Data extracted from a collection:

_____

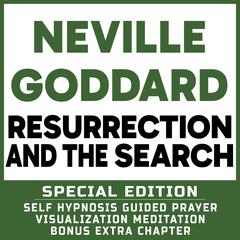Resurrection and The Search - SPECIAL EDITION - Self Hypnosis Guided Prayer Meditation Visualization: Neville Goddard Book and Bonus Extra Chapter with Guided Prayer Visualization Meditation by Richard Hargreaves Audiobook, by Neville Goddard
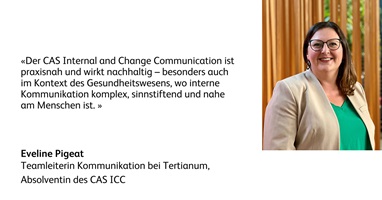 Eveline Pigeat, Absolventin des CAS Internal and Change Communication, Teamleiterin Kommunikation bei Tertianum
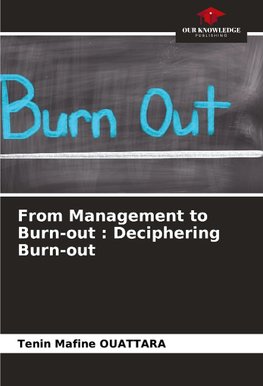 From Management to Burn-out : Deciphering Burn-out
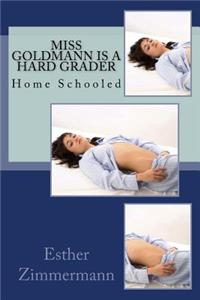 Miss Goldmann Is a Hard Grader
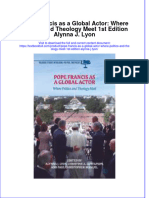 Textbook Pope Francis As A Global Actor Where Politics and Theology Meet 1St Edition Alynna J Lyon Ebook All Chapter PDF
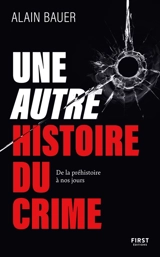 Une autre histoire du crime : de la préhistoire à nos jours - Alain Bauer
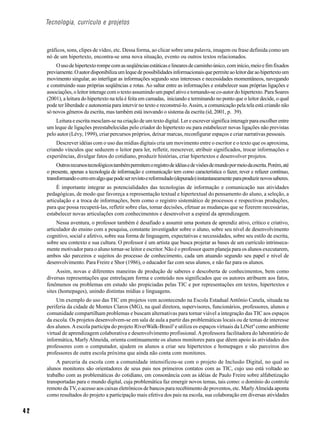 Tecnologia, currículo e projetos



     gráficos, sons, clipes de vídeo, etc. Dessa forma, ao clicar sobre uma palavra, imagem ou frase definida como um
     nó de um hipertexto, encontra-se uma nova situação, evento ou outros textos relacionados.
         O uso de hipertexto rompe com as seqüências estáticas e lineares de caminho único, com início, meio e fim fixados
     previamente. O autor disponibiliza um leque de possibilidades informacionais que permite ao leitor dar ao hipertexto um
     movimento singular, ao interligar as informações segundo seus interesses e necessidades momentâneos, navegando
     e construindo suas próprias seqüências e rotas. Ao saltar entre as informações e estabelecer suas próprias ligações e
     associações, o leitor interage com o texto assumindo um papel ativo e tornando-se co-autor do hipertexto. Para Soares
     (2001), a leitura do hipertexto na tela é feita em camadas, iniciando e terminando no ponto que o leitor decide, o qual
     pode ter liberdade e autonomia para intervir no texto e reconstruí-lo. Assim, a comunicação pela tela está criando não
     só novos gêneros da escrita, mas também está inovando o sistema da escrita (id, 2001, p. 39).
         Leitura e escrita mesclam-se na criação de um texto digital. Ler e escrever significa interagir para escolher entre
     um leque de ligações preestabelecidas pelo criador do hipertexto ou para estabelecer novas ligações não previstas
     pelo autor (Lévy, 1999), criar percursos próprios, deixar marcas, reconfigurar espaços e criar narrativas pessoais.
         Descrever idéias com o uso das mídias digitais cria um movimento entre o escritor e o texto que os aproxima,
     criando vínculos que seduzem o leitor para ler, refletir, reescrever, atribuir significados, trocar informações e
     experiências, divulgar fatos do cotidiano, produzir histórias, criar hipertextos e desenvolver projetos.
          Outros recursos tecnológicos também permitem o registro de idéias e de visões de mundo por meio da escrita. Porém, até
     o presente, apenas a tecnologia de informação e comunicação tem como característica o fazer, rever e refazer contínuo,
     transformando o erro em algo que pode ser revisto e reformulado (depurado) instantaneamente para produzir novos saberes.
          É importante integrar as potencialidades das tecnologias de informação e comunicação nas atividades
     pedagógicas, de modo que favoreça a representação textual e hipertextual do pensamento do aluno, a seleção, a
     articulação e a troca de informações, bem como o registro sistemático de processos e respectivas produções,
     para que possa recuperá-las, refletir sobre elas, tomar decisões, efetuar as mudanças que se fizerem necessárias,
     estabelecer novas articulações com conhecimentos e desenvolver a espiral da aprendizagem.
          Nessa aventura, o professor também é desafiado a assumir uma postura de aprendiz ativo, crítico e criativo,
     articulador do ensino com a pesquisa, constante investigador sobre o aluno, sobre seu nível de desenvolvimento
     cognitivo, social e afetivo, sobre sua forma de linguagem, expectativas e necessidades, sobre seu estilo de escrita,
     sobre seu contexto e sua cultura. O professor é um artista que busca projetar as bases de um currículo intrinseca-
     mente motivador para o aluno tornar-se leitor e escritor. Não é o professor quem planeja para os alunos executarem,
     ambos são parceiros e sujeitos do processo de conhecimento, cada um atuando segundo seu papel e nível de
     desenvolvimento. Para Freire e Shor (1986), o educador faz com seus alunos, e não faz para os alunos.
          Assim, novas e diferentes maneiras de produção de saberes e descoberta de conhecimentos, bem como
     diversas representações que entrelaçam forma e conteúdo nos significados que os autores atribuem aos fatos,
     fenômenos ou problemas em estudo são propiciadas pelas TIC e por representações em textos, hipertextos e
     sites (homepages), unindo distintas mídias e linguagens.
          Um exemplo do uso das TIC em projetos vem acontecendo na Escola Estadual Antônio Canela, situada na
     periferia da cidade de Montes Claros (MG), na qual diretora, supervisores, funcionários, professores, alunos e
     comunidade compartilham problemas e buscam alternativas para tornar viável a integração das TIC aos espaços
     da escola. Os projetos desenvolvem-se em sala de aula a partir das problemáticas locais ou de temas de interesse
     dos alunos. A escola participa do projeto RiverWalk-Brasil3 e utiliza os espaços virtuais da LtNet4 como ambiente
     virtual de aprendizagem colaborativa e desenvolvimento profissional. A professora facilitadora do laboratório de
     informática, Marly Almeida, orienta continuamente os alunos monitores para que dêem apoio às atividades dos
     professores com o computador, ajudem os alunos a criar seu hipertextos e homepages e são parceiros dos
     professores de outra escola próxima que ainda não conta com monitores.
         A parceria da escola com a comunidade intensificou-se com o projeto de Inclusão Digital, no qual os
     alunos monitores são orientadores de seus pais nos primeiros contatos com as TIC, cujo uso está voltado ao
     trabalho com as problemáticas do cotidiano, em consonância com as idéias de Paulo Freire sobre alfabetização
     transportadas para o mundo digital, cuja problemática faz emergir novos temas, tais como: o domínio do controle
     remoto da TV, o acesso aos caixas eletrônicos de bancos para recebimento de proventos, etc. Marly Almeida aponta
     como resultados do projeto a participação mais efetiva dos pais na escola, sua colaboração em diversas atividades


42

_____

What to produce
Could you output all the entries above exactly as written, leaving out the pictures?

Answer area
Resurrection and The Search - SPECIAL EDITION - Self Hypnosis Guided Prayer Meditation Visualization: Neville Goddard Book and Bonus Extra Chapter with Guided Prayer Visualization Meditation by Richard Hargreaves Audiobook, by Neville Goddard
 Eveline Pigeat, Absolventin des CAS Internal and Change Communication, Teamleiterin Kommunikation bei Tertianum
 From Management to Burn-out : Deciphering Burn-out
 Miss Goldmann Is a Hard Grader
 Textbook Pope Francis As A Global Actor Where Politics and Theology Meet 1St Edition Alynna J Lyon Ebook All Chapter PDF
 Une autre histoire du crime : de la préhistoire à nos jours - Alain Bauer
 Tecnologia, currículo e projetos



     gráficos, sons, clipes de vídeo, etc. Dessa forma, ao clicar sobre uma palavra, imagem ou frase definida como um
     nó de um hipertexto, encontra-se uma nova situação, evento ou outros textos relacionados.
         O uso de hipertexto rompe com as seqüências estáticas e lineares de caminho único, com início, meio e fim fixados
     previamente. O autor disponibiliza um leque de possibilidades informacionais que permite ao leitor dar ao hipertexto um
     movimento singular, ao interligar as informações segundo seus interesses e necessidades momentâneos, navegando
     e construindo suas próprias seqüências e rotas. Ao saltar entre as informações e estabelecer suas próprias ligações e
     associações, o leitor interage com o texto assumindo um papel ativo e tornando-se co-autor do hipertexto. Para Soares
     (2001), a leitura do hipertexto na tela é feita em camadas, iniciando e terminando no ponto que o leitor decide, o qual
     pode ter liberdade e autonomia para intervir no texto e reconstruí-lo. Assim, a comunicação pela tela está criando não
     só novos gêneros da escrita, mas também está inovando o sistema da escrita (id, 2001, p. 39).
         Leitura e escrita mesclam-se na criação de um texto digital. Ler e escrever significa interagir para escolher entre
     um leque de ligações preestabelecidas pelo criador do hipertexto ou para estabelecer novas ligações não previstas
     pelo autor (Lévy, 1999), criar percursos próprios, deixar marcas, reconfigurar espaços e criar narrativas pessoais.
         Descrever idéias com o uso das mídias digitais cria um movimento entre o escritor e o texto que os aproxima,
     criando vínculos que seduzem o leitor para ler, refletir, reescrever, atribuir significados, trocar informações e
     experiências, divulgar fatos do cotidiano, produzir histórias, criar hipertextos e desenvolver projetos.
          Outros recursos tecnológicos também permitem o registro de idéias e de visões de mundo por meio da escrita. Porém, até
     o presente, apenas a tecnologia de informação e comunicação tem como característica o fazer, rever e refazer contínuo,
     transformando o erro em algo que pode ser revisto e reformulado (depurado) instantaneamente para produzir novos saberes.
          É importante integrar as potencialidades das tecnologias de informação e comunicação nas atividades
     pedagógicas, de modo que favoreça a representação textual e hipertextual do pensamento do aluno, a seleção, a
     articulação e a troca de informações, bem como o registro sistemático de processos e respectivas produções,
     para que possa recuperá-las, refletir sobre elas, tomar decisões, efetuar as mudanças que se fizerem necessárias,
     estabelecer novas articulações com conhecimentos e desenvolver a espiral da aprendizagem.
          Nessa aventura, o professor também é desafiado a assumir uma postura de aprendiz ativo, crítico e criativo,
     articulador do ensino com a pesquisa, constante investigador sobre o aluno, sobre seu nível de desenvolvimento
     cognitivo, social e afetivo, sobre sua forma de linguagem, expectativas e necessidades, sobre seu estilo de escrita,
     sobre seu contexto e sua cultura. O professor é um artista que busca projetar as bases de um currículo intrinseca-
     mente motivador para o aluno tornar-se leitor e escritor. Não é o professor quem planeja para os alunos executarem,
     ambos são parceiros e sujeitos do processo de conhecimento, cada um atuando segundo seu papel e nível de
     desenvolvimento. Para Freire e Shor (1986), o educador faz com seus alunos, e não faz para os alunos.
          Assim, novas e diferentes maneiras de produção de saberes e descoberta de conhecimentos, bem como
     diversas representações que entrelaçam forma e conteúdo nos significados que os autores atribuem aos fatos,
     fenômenos ou problemas em estudo são propiciadas pelas TIC e por representações em textos, hipertextos e
     sites (homepages), unindo distintas mídias e linguagens.
          Um exemplo do uso das TIC em projetos vem acontecendo na Escola Estadual Antônio Canela, situada na
     periferia da cidade de Montes Claros (MG), na qual diretora, supervisores, funcionários, professores, alunos e
     comunidade compartilham problemas e buscam alternativas para tornar viável a integração das TIC aos espaços
     da escola. Os projetos desenvolvem-se em sala de aula a partir das problemáticas locais ou de temas de interesse
     dos alunos. A escola participa do projeto RiverWalk-Brasil3 e utiliza os espaços virtuais da LtNet4 como ambiente
     virtual de aprendizagem colaborativa e desenvolvimento profissional. A professora facilitadora do laboratório de
     informática, Marly Almeida, orienta continuamente os alunos monitores para que dêem apoio às atividades dos
     professores com o computador, ajudem os alunos a criar seu hipertextos e homepages e são parceiros dos
     professores de outra escola próxima que ainda não conta com monitores.
         A parceria da escola com a comunidade intensificou-se com o projeto de Inclusão Digital, no qual os
     alunos monitores são orientadores de seus pais nos primeiros contatos com as TIC, cujo uso está voltado ao
     trabalho com as problemáticas do cotidiano, em consonância com as idéias de Paulo Freire sobre alfabetização
     transportadas para o mundo digital, cuja problemática faz emergir novos temas, tais como: o domínio do controle
     remoto da TV, o acesso aos caixas eletrônicos de bancos para recebimento de proventos, etc. Marly Almeida aponta
     como resultados do projeto a participação mais efetiva dos pais na escola, sua colaboração em diversas atividades


42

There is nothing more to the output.